Dengan keputusan MK tersebut, Ni’matul Huda bahkan mengaku khawatir hukum akan kembali tertinggal oleh perkembangan yang terjadi di masyarakat.
Dia menjelaskan, hakim konstitusi Arsul Sani sempat menyebut bahwa dalil politisasi bantuan sosial alias bansos sulit untuk dibuktikan.
Saat itu, Arsul menilai, bansos tidak berpengaruh terhadap kemenangan Prabowo Subianto dan Gibran Rakabuming Raka.
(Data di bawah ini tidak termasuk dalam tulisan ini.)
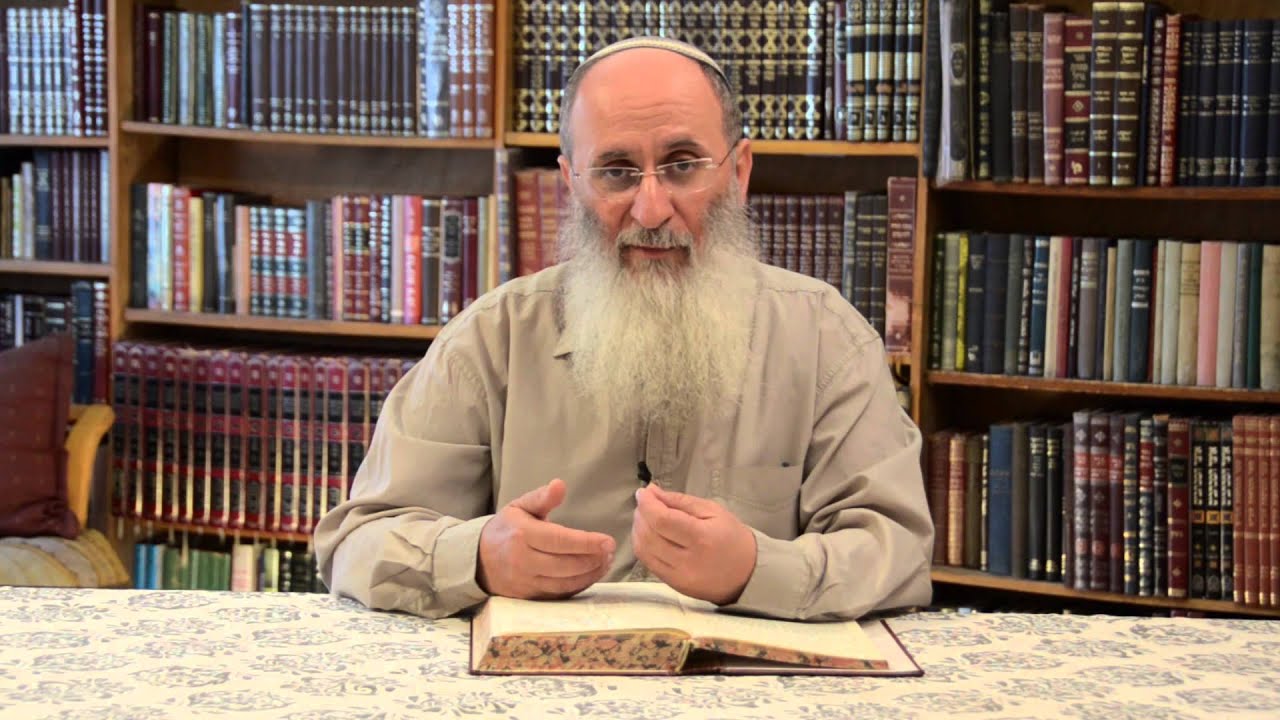 אכזריות לצורך מוסריות - הרב אורי שרקי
“Ini enggak bisa diterima. Saya khawatirnya, lagi-lagi, hukum itu selalu ketinggalan mengikuti perkembangan masyarakatnya,” kata Ni’matul dalam acara Eksaminasi Publik atas Putusan MK tentang PHPU Pilpres yang dipantau secara daring pada Sabtu (4/5/2024).
Guru Besar Hukum Tata Negara UII itu menjelaskan, ahli ekonomi saja bisa mendalilkan adanya keterkaitan antara pemberian bansos dengan perolehan suara. Sedangkan hakim MK, kata dia, belum sampai sana.
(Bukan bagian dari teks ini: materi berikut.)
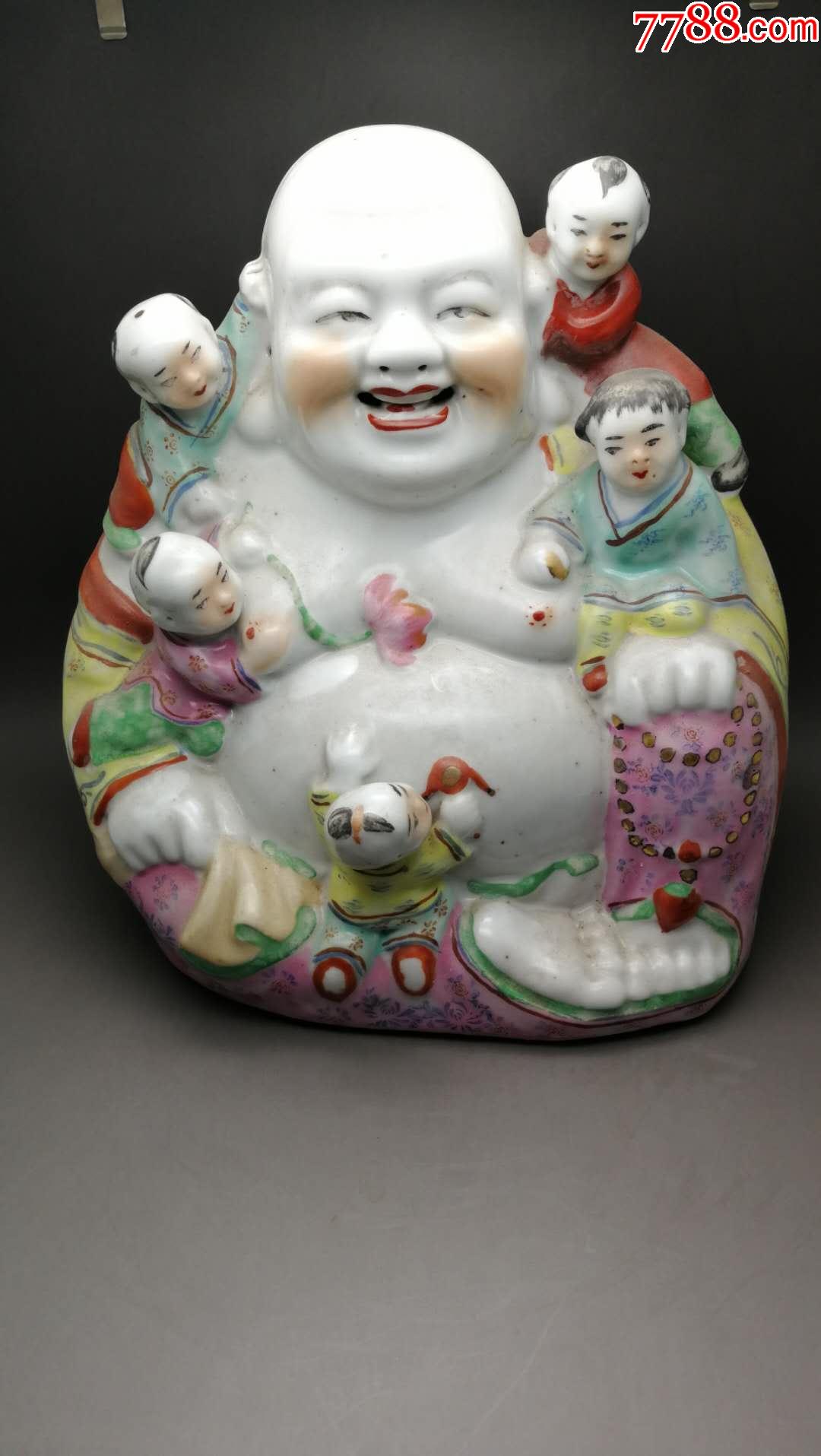 五子送福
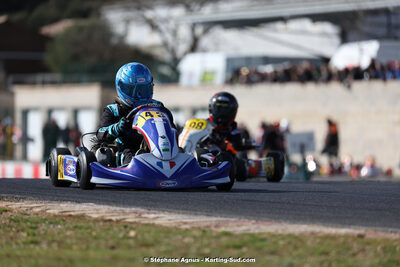11/02/2024 : Trophée Gangeois 2024 au circuit Fun Kart Brissac (photos Stéphane Agnus) 2024 — karting
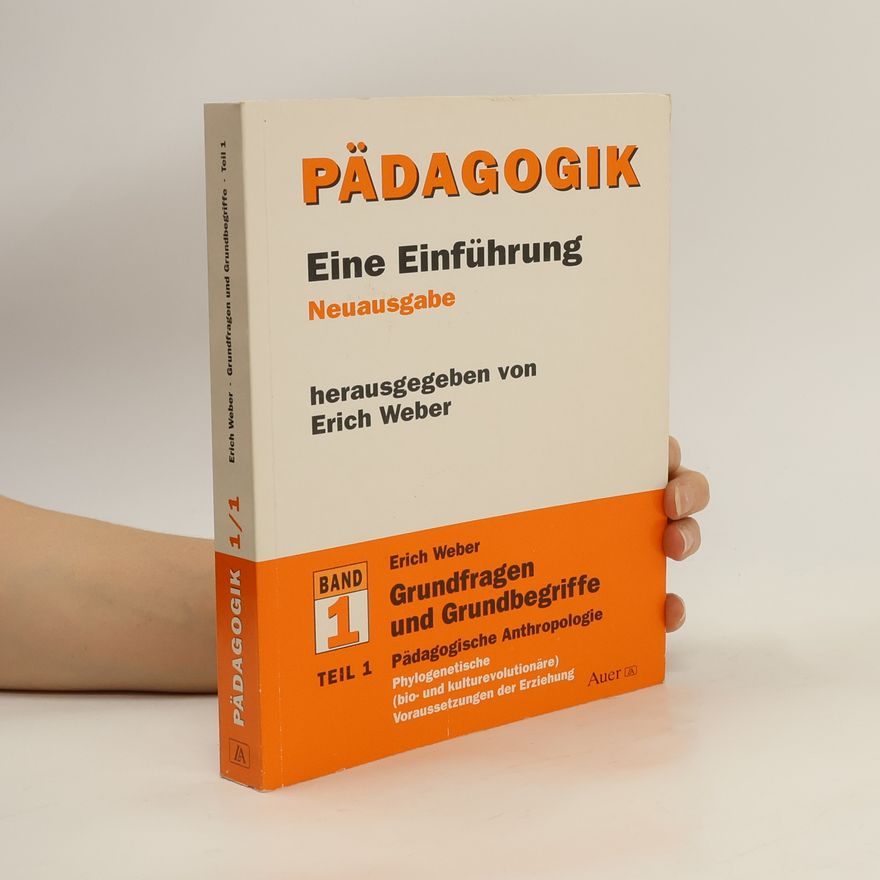 Erich Weber Pädagogik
“Nah sehingga banyak PR (pekerjaan rumah), calon hakim atau hakim terpilih perlu juga diberi semacam pembahasan materi-materi yang terkait dengan mungkin perkembangan terbaru,” ujar Ni’matul.
Dia mencontohkan sistem rekapitulasi suara pemilu alias Sirekap. Menurut Ni’matul, hakim MK juga butuh sedikit pengetahuan mengenai hal-hal seperti itu.
Seperti diketahui, MK telah menolak permohonan secara keseluruhan Anies Baswedan-Muhaimin Iskandar dan Ganjar Pranowo-Mahfud Md. pada 22 April 2024 lalu. Artinya, pemohon tidak dapat membuktikan dalil-dalil yang mereka ajukan.
Kendati demikian, ada tiga hakim konstitusi yang memberikan dissenting opinion alias pendapat berbeda. Ketiganya adalah Arief Hidayat, Saldi Isra, dan Enny Nurbaningsih.
Ini menjadi dissenting opinion pertama dalam sejarah perselisihan hasil pemilihan umum atau PHPU pilpres di Mahkamah Konstitusi.
Dalam pendapat mereka, ketiga hakim ini sepakat bahwa MK seharusnya mengabulkan sebagian permohonan Anies-Muhaimin dan Ganjar-Mahfud. Yakni, dengan melakukan pemungutan suara ulang atau PSU di sejumlah daerah.